Image-caption web data:
----------------

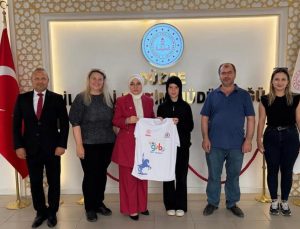 Düzce’nin Şampiyonları Türkiye Finalleri İçin Konya’ya Uğurlandı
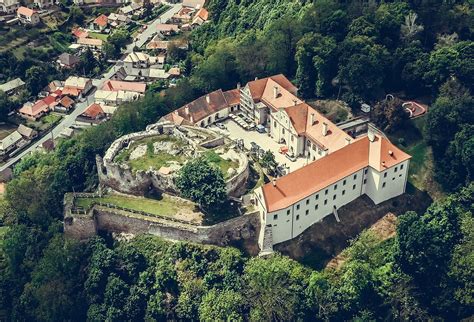 baroková fasáda kaštieľa vo Finticiach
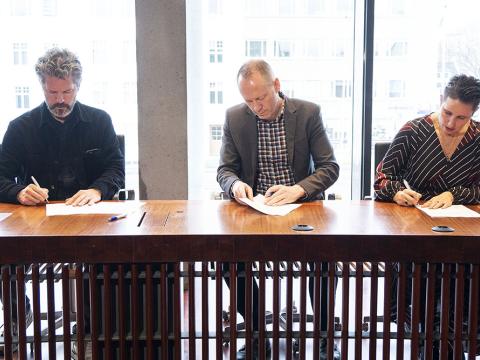 Dagur B. Eggertsson, Guðmundur Ingi Guðbrandsson og Nichole Leigh Mosty skrifa undir þjónustusamning ríkis og borgar.
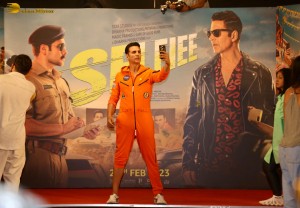 Bollywood Star Akshay Kumar record-breaking 184 selfies in 3 minutes on Feb 22, 2023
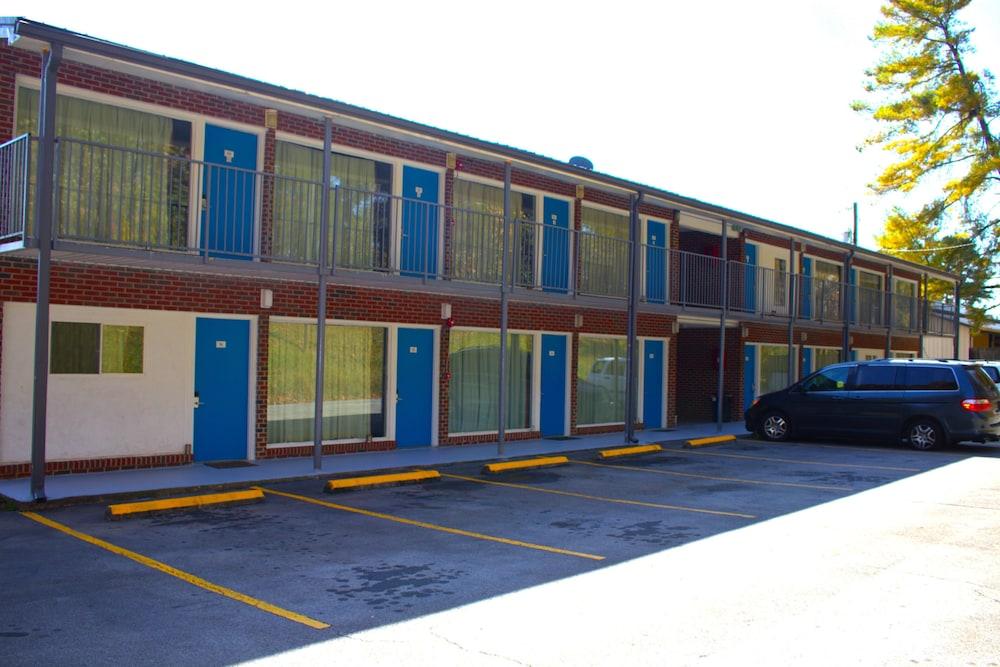 Volunteer Inn at Church Hill photo 25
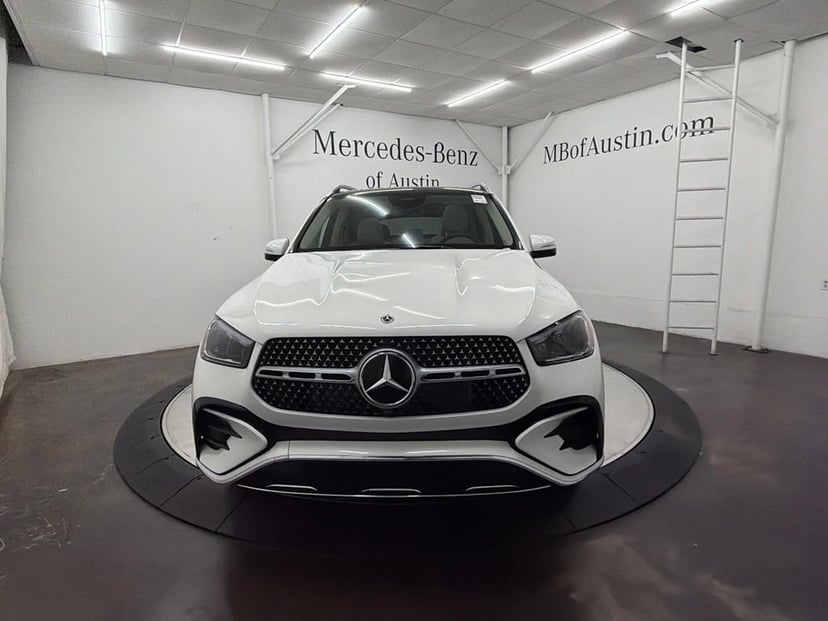 2026 Mercedes-Benz GLE - Image 2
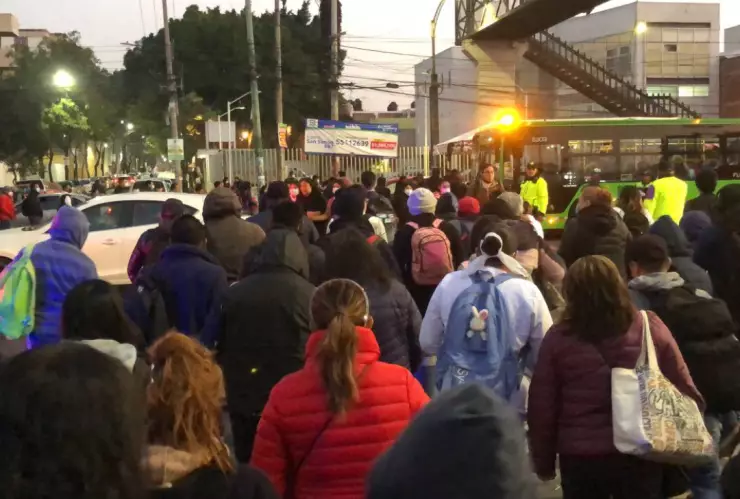 Afluencia en inmediaciones de Tlatelolco del Metro CDMX
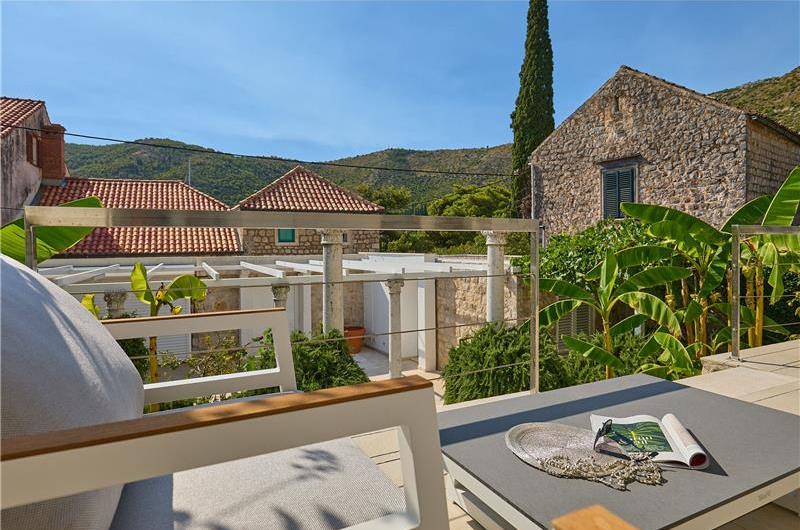 5 Bedroom Villa with Heated Pool near Dubrovnik City, Sleeps 10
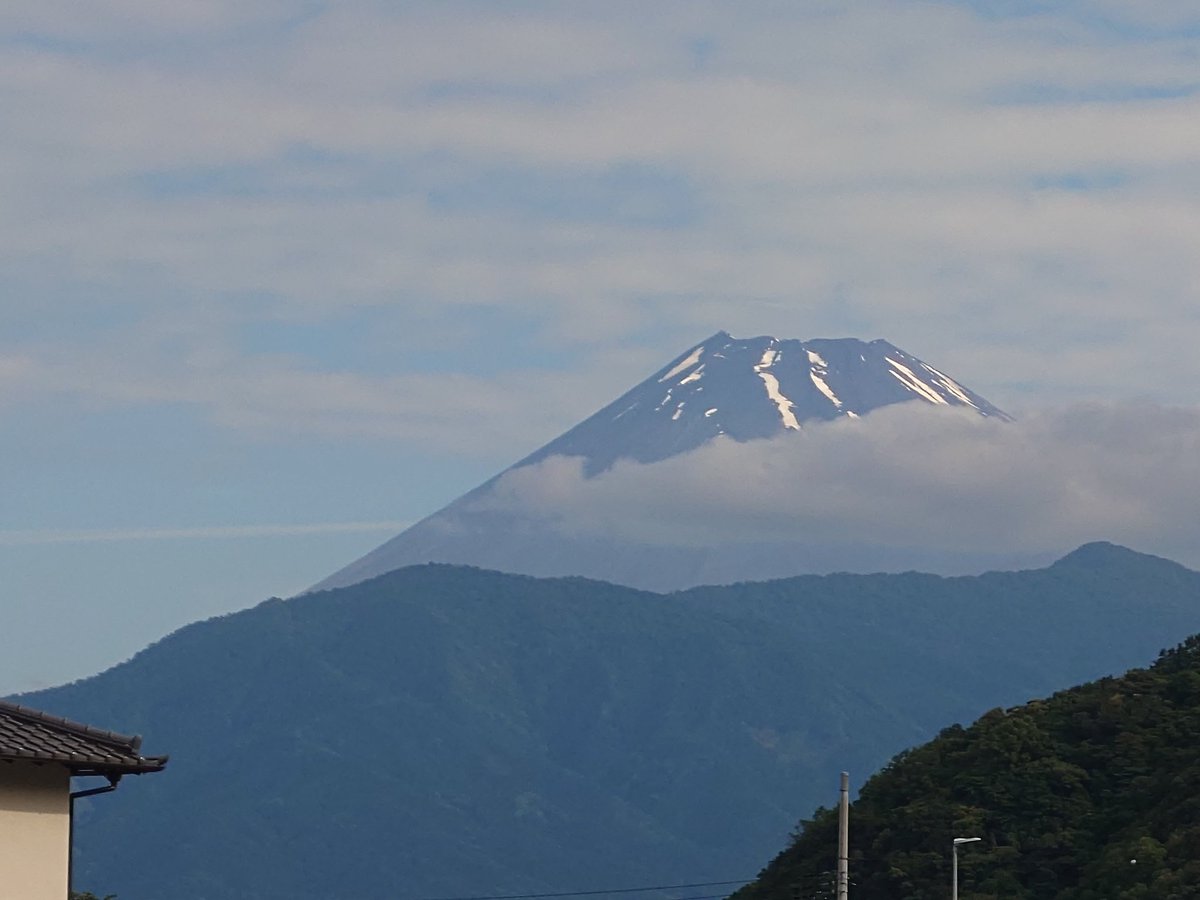 Yoshi0802n's tweet photo. 6/5 金曜日　午前7時半頃の富士山 https://t.co/WsLlapo50u
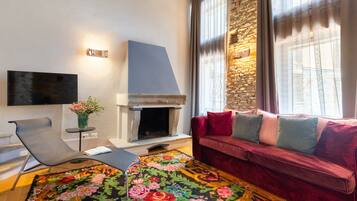 Suite (Castello) | Area soggiorno | TV a schermo piatto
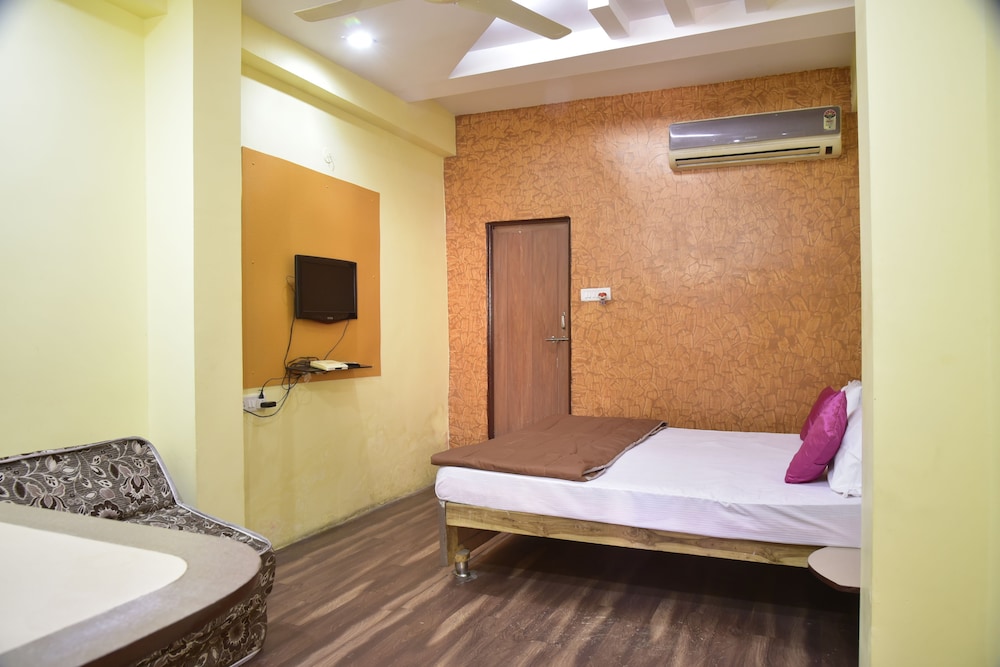 Standard AC Room photo 3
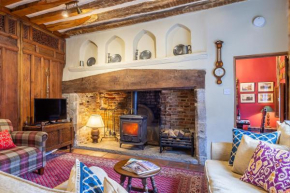 Extraordinary 15th Century timber framed cottage in famous Medieval village - The Tryst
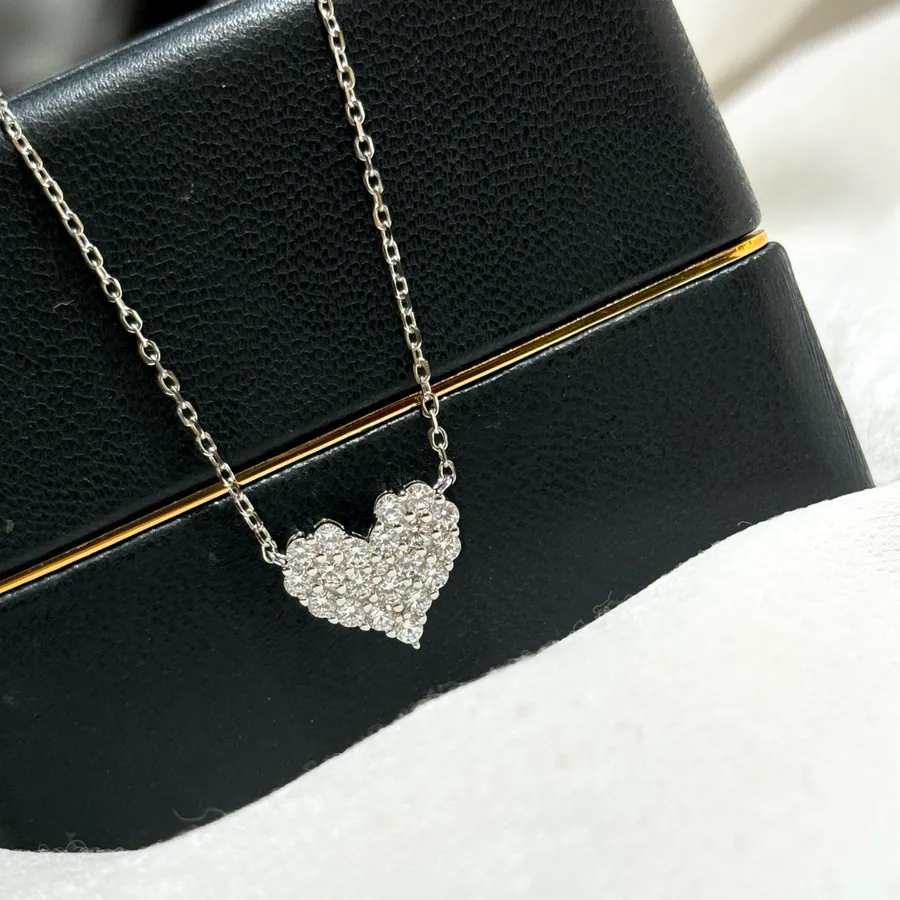 T Family Love Series Heart Pendant Necklace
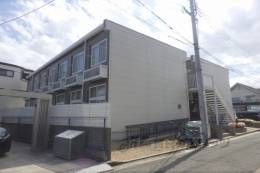 レオパレス秀外観写真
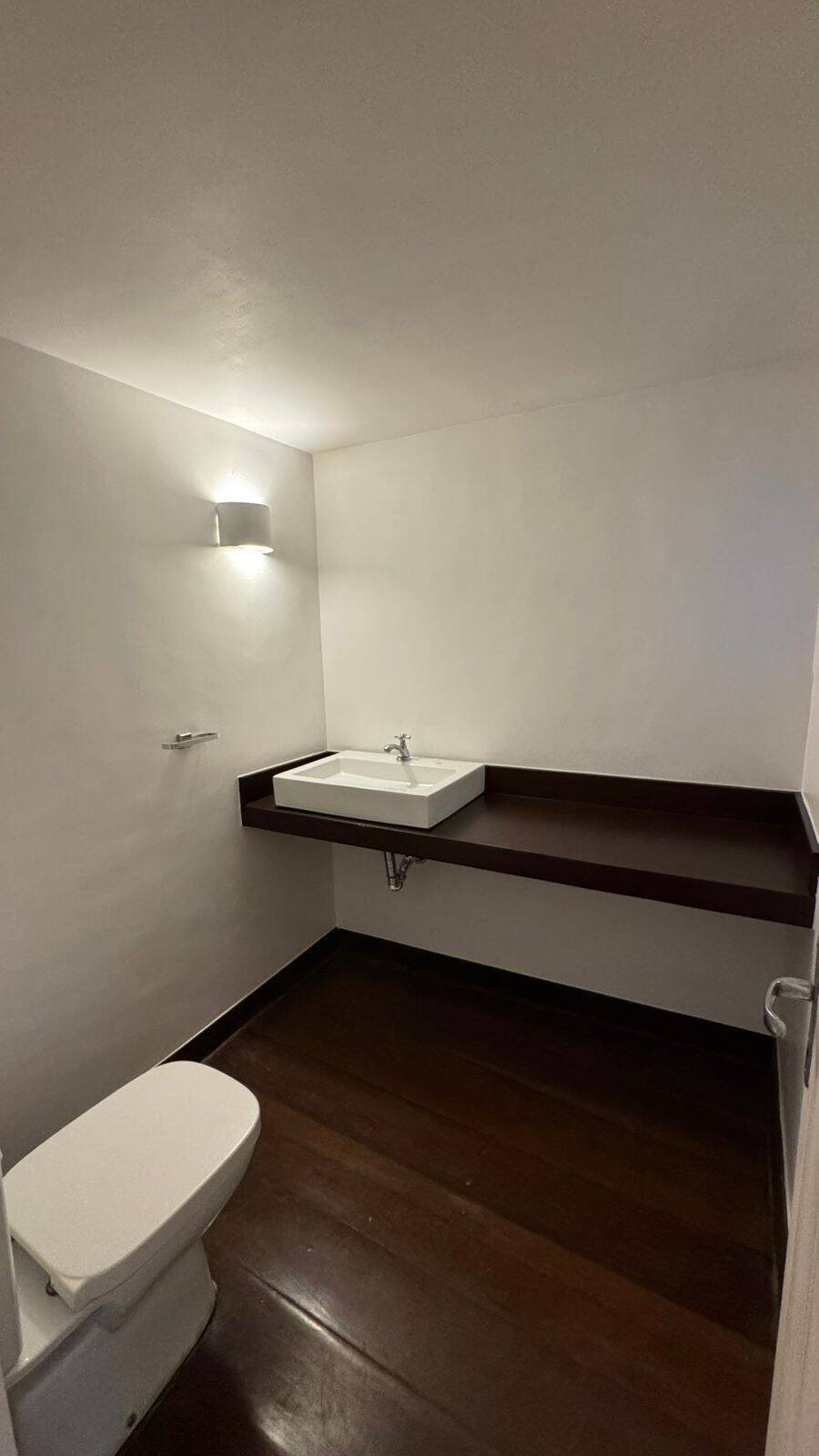 Casa para alugar com 5 quartos, 450m² - Foto 15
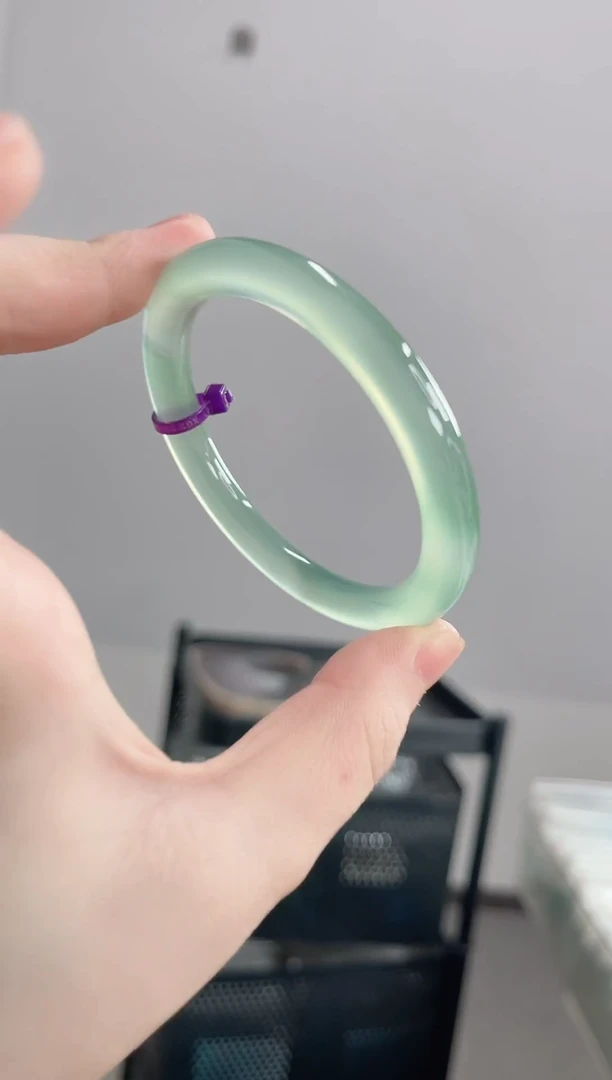 手镯玛瑙/玉髓未镶嵌59圈卡8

----------------

### Brief
Only the lines above from the one with "baroková fasáda kaštieľa vo Finticiach" to the one with "Volunteer Inn at Church Hill photo 25" should be printed, both included and exactly as written; no picture belongs in the copy.

### Response area
 baroková fasáda kaštieľa vo Finticiach
 Dagur B. Eggertsson, Guðmundur Ingi Guðbrandsson og Nichole Leigh Mosty skrifa undir þjónustusamning ríkis og borgar.
 Bollywood Star Akshay Kumar record-breaking 184 selfies in 3 minutes on Feb 22, 2023
 Volunteer Inn at Church Hill photo 25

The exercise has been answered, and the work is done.